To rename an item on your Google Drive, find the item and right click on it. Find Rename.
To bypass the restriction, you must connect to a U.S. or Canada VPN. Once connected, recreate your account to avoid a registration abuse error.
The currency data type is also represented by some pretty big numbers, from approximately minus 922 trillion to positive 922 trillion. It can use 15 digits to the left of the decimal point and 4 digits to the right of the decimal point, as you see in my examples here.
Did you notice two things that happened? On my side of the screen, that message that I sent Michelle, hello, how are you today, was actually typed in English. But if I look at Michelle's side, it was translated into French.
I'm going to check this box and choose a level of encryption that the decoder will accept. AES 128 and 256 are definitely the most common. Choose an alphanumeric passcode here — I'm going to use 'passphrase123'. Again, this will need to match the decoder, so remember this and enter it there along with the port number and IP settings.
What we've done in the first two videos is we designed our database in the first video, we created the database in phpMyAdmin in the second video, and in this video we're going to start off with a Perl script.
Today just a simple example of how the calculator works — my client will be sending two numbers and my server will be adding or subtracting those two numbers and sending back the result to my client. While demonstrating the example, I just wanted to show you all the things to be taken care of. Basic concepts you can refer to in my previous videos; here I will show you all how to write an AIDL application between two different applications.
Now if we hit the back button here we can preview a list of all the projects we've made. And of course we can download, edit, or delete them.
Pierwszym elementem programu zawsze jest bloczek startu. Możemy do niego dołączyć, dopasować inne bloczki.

○ ○ ○ ○ ○ ○ ○

- _Exercise description_:
Only the lines from the start of the material through the line bearing "Did you notice" are needed, restated exactly, with both end lines included.

- _Exercise solution_:
To rename an item on your Google Drive, find the item and right click on it. Find Rename.
To bypass the restriction, you must connect to a U.S. or Canada VPN. Once connected, recreate your account to avoid a registration abuse error.
The currency data type is also represented by some pretty big numbers, from approximately minus 922 trillion to positive 922 trillion. It can use 15 digits to the left of the decimal point and 4 digits to the right of the decimal point, as you see in my examples here.
Did you notice two things that happened? On my side of the screen, that message that I sent Michelle, hello, how are you today, was actually typed in English. But if I look at Michelle's side, it was translated into French.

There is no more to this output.